Wicker Man goes to Ireland and comes back disappointed, 12 May 2004
Author: mackecm2 ( from Puerto Banus, Spain

I stumbled across this relatively obscure film on a satellite channel the other day, and was eagerly anticipating an enjoyable experience, having been a big fan of director Robin Hardy's previous film (the Wicker Man).

95 minutes later, I was disappointed, although the film does have some redeeming features.

I consider The Wicker Man to be a classic of its type, and certain aspects of that film are carried over into this one - the haunting music, the atmospheric locations, and especially the suppressed eroticism. Also the final twist at the end. But having said that, this film does come across as a pale imitation of its predecessor.

Due to the appalling treatment that was meted out to The Wicker Man by the film industry powers, Robin Hardy retired from the business for over 10 years, and boy does it show here. Some of the editing is appallingly choppy, the characters' dialog is at times incredibly trite, and some of the scenes just don't gel. Examples of the latter are the initial murder, where the victim appears to offer no resistance to the knife wielding assailant, and the relationship between Moira Harris and Timothy Bottoms, which in one scene has her berating him for making pervy phone calls to his wife. then in next scene she discovers his wife's murdered body, and in the very next scene has her defending him aginst police suspicion? Duh???

Another scene that is particularly laughable is the night club scene where Harris and Bottoms meet.
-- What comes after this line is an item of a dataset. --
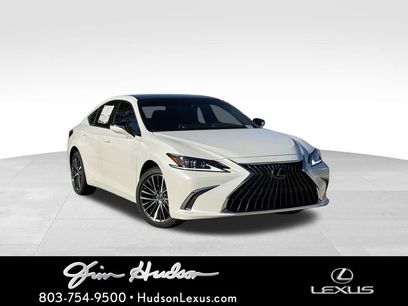 New 2025 Lexus ES 350 w/ Premium Package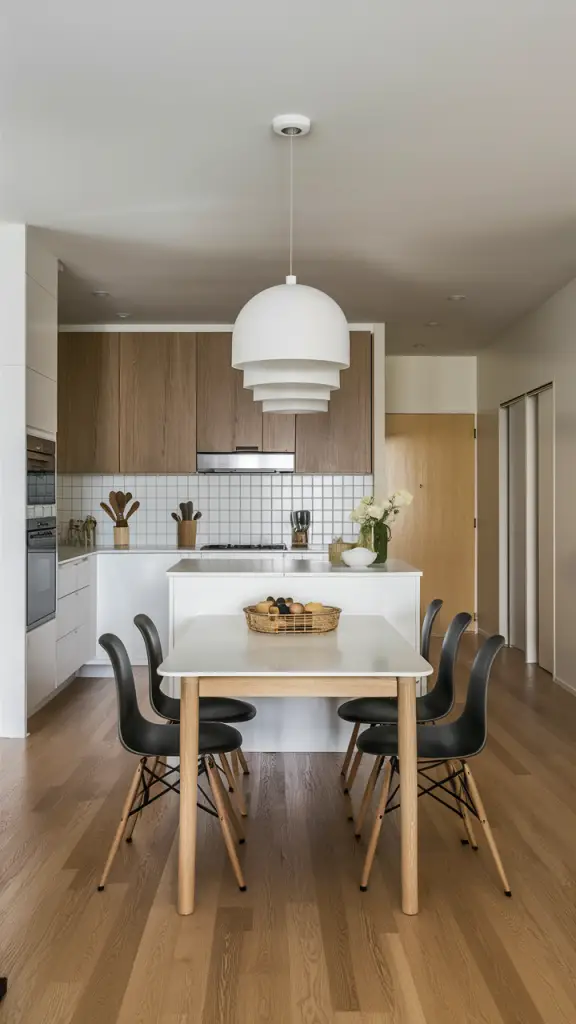 Kitchen Dining Room Ideas: Create a Stylish and Functional Combo Space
The moment when Timothy Bottoms raises his fists to the Mr. Halitosis character almost had me laughing out loud.

Moreover, there is virtually no mystery as to who the main pervy phone caller is, as the voice is easily identifiable as one of the main characters in the film.

However, it's not all bad news. As in The Wicker Man, there is an air of Catholic sexual repression which pervades the whole story, and is handled on the whole very well. I'm not Irish or Catholic, but I found it believable and not just because it gave the film an excuse to show a few bare breasts.

It's just a shame there couldn't have been a bit more suspense to go with it.